▶ _LISTED ENTRIES_
********************

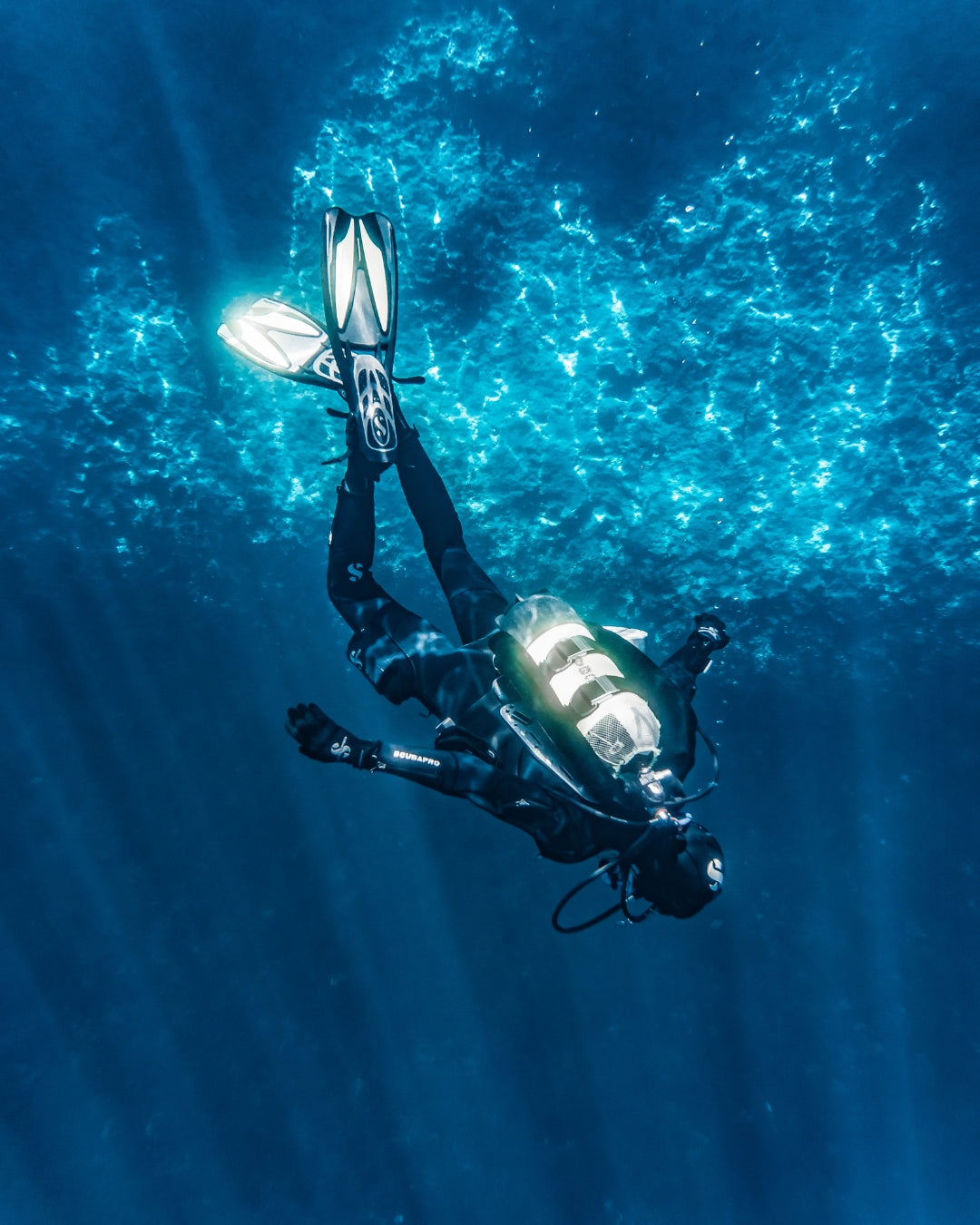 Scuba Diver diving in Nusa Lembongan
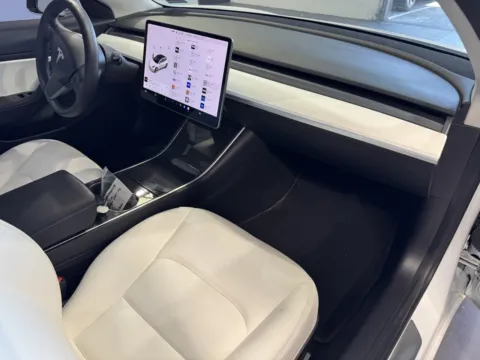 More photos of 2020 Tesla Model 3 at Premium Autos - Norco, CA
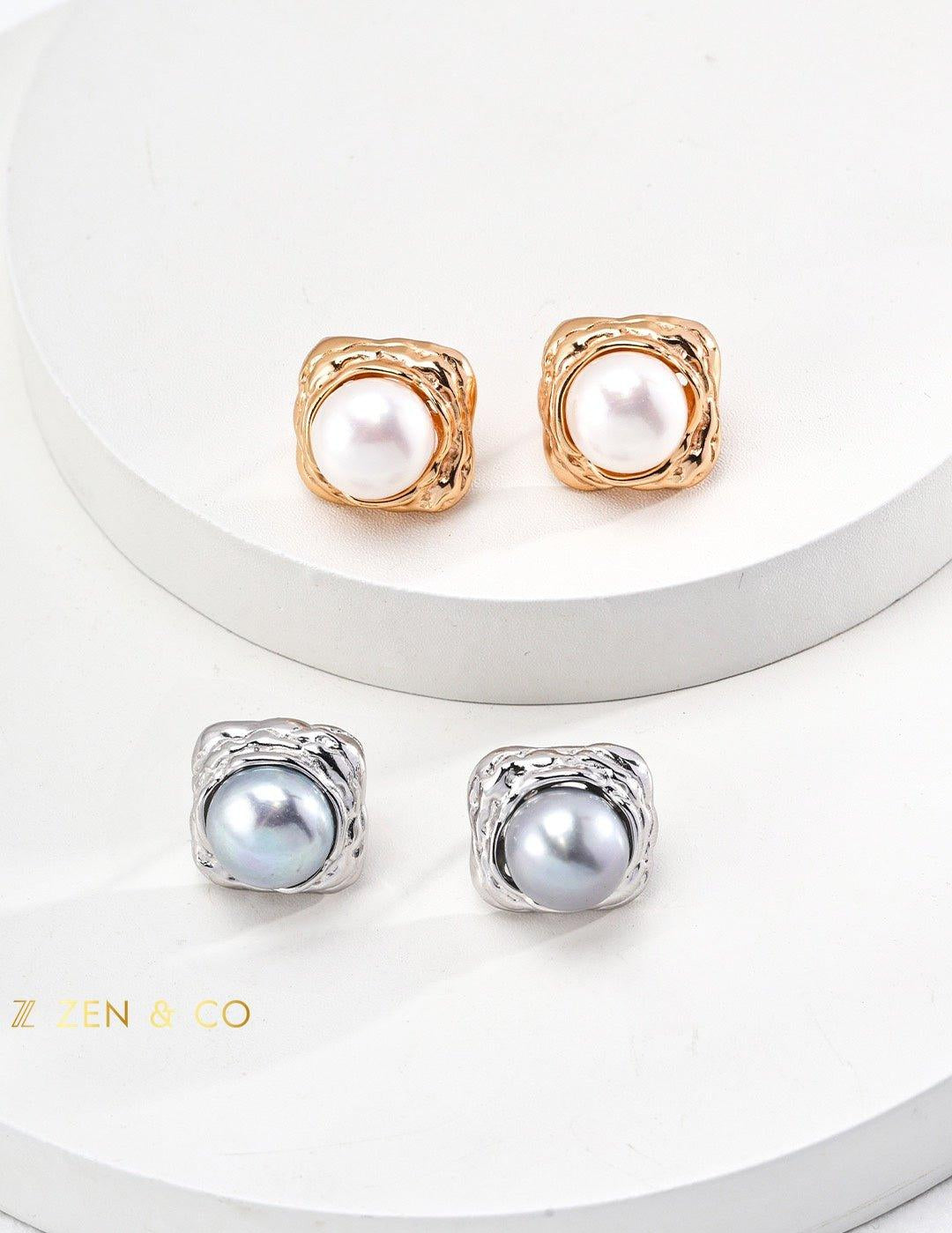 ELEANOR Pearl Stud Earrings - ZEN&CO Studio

********************

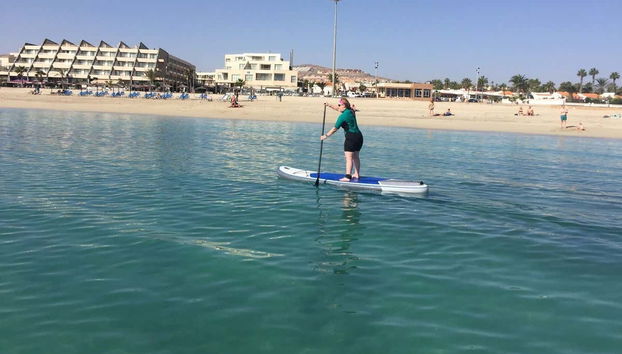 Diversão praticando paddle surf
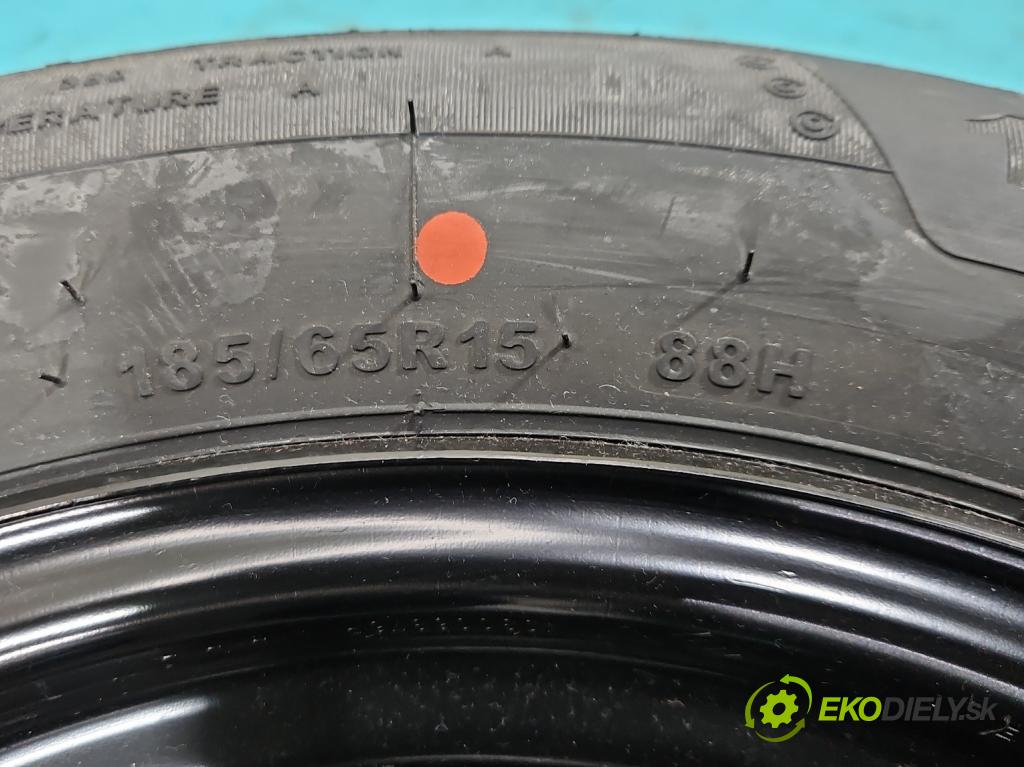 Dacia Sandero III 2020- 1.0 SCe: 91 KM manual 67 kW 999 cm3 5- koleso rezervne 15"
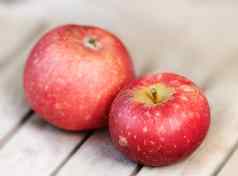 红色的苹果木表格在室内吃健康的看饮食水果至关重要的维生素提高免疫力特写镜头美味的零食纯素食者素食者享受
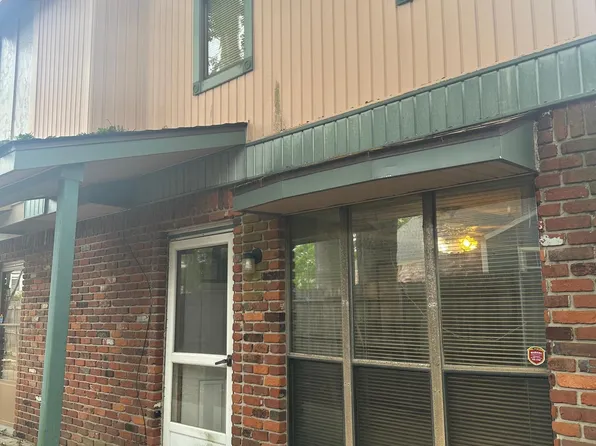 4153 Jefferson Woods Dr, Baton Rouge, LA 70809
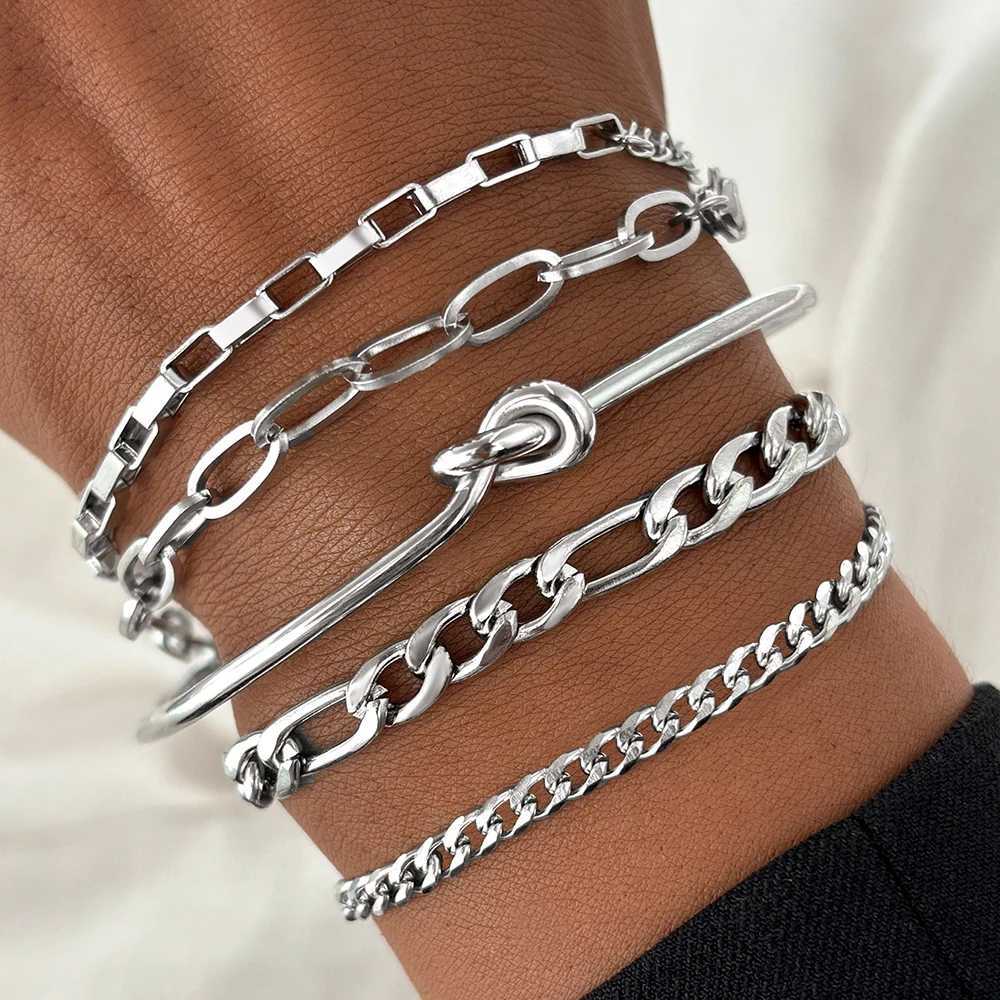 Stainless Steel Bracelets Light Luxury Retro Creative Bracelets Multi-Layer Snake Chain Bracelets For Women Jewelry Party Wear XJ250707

********************

Output only the stretch above from the line with "Diversão praticando paddle surf" through the line with "Stainless Steel Bracelets", reproduced exactly. Exclude pictures.

 Diversão praticando paddle surf
 Dacia Sandero III 2020- 1.0 SCe: 91 KM manual 67 kW 999 cm3 5- koleso rezervne 15"
 红色的苹果木表格在室内吃健康的看饮食水果至关重要的维生素提高免疫力特写镜头美味的零食纯素食者素食者享受
 4153 Jefferson Woods Dr, Baton Rouge, LA 70809
 Stainless Steel Bracelets Light Luxury Retro Creative Bracelets Multi-Layer Snake Chain Bracelets For Women Jewelry Party Wear XJ250707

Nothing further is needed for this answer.